Motorists might occasionally encounter brief travel delays during off-peak hours this spring at the Delaware River Joint Toll Bridge Commission’s 10 non-toll vehicular river crossings bridges.
The Commission will be conducting biennial inspections of its 12 non-toll bridges this spring, two of which are pedestrian-only crossings.
Findings from bridge inspections help the Commission to prioritize capital improvements and schedule maintenance and repair work over the coming year.
While much of the inspection work is out of sight to the public, short-duration lane restrictions are often needed at vehicular bridges to allow for installation of temporary cables and platforms beneath their roadway decks.
Engineers can then use the temporary platforms to view and assess the condition and integrity of a bridge’s lower structural members.
Actual inspections are expected to begin in late March and continue through June.
The travel restrictions often involve alternating lane closures controlled by flaggers.
Full lane closures also may be employed at bridges that have more than two travel lanes.

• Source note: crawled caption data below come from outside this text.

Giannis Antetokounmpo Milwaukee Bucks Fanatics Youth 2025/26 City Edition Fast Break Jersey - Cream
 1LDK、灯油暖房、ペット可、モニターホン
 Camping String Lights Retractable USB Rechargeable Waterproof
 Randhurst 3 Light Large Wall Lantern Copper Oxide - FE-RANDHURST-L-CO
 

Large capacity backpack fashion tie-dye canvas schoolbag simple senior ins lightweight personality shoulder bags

This year’s inspections focus on the Commission’s 12 non-toll bridges, many of which are two-lane truss bridges dating back 100 years or more.
The Commission performs bridge inspections on an annual basis; toll bridges are inspected in odd-numbered years and non-toll bridges in even years.
The biennial inspections are conducted in accordance with the Federal Highway Administration and the National Bridge Inspection Standards.
The findings are published as part of the Commission’s annual inspection reports available on the agency website.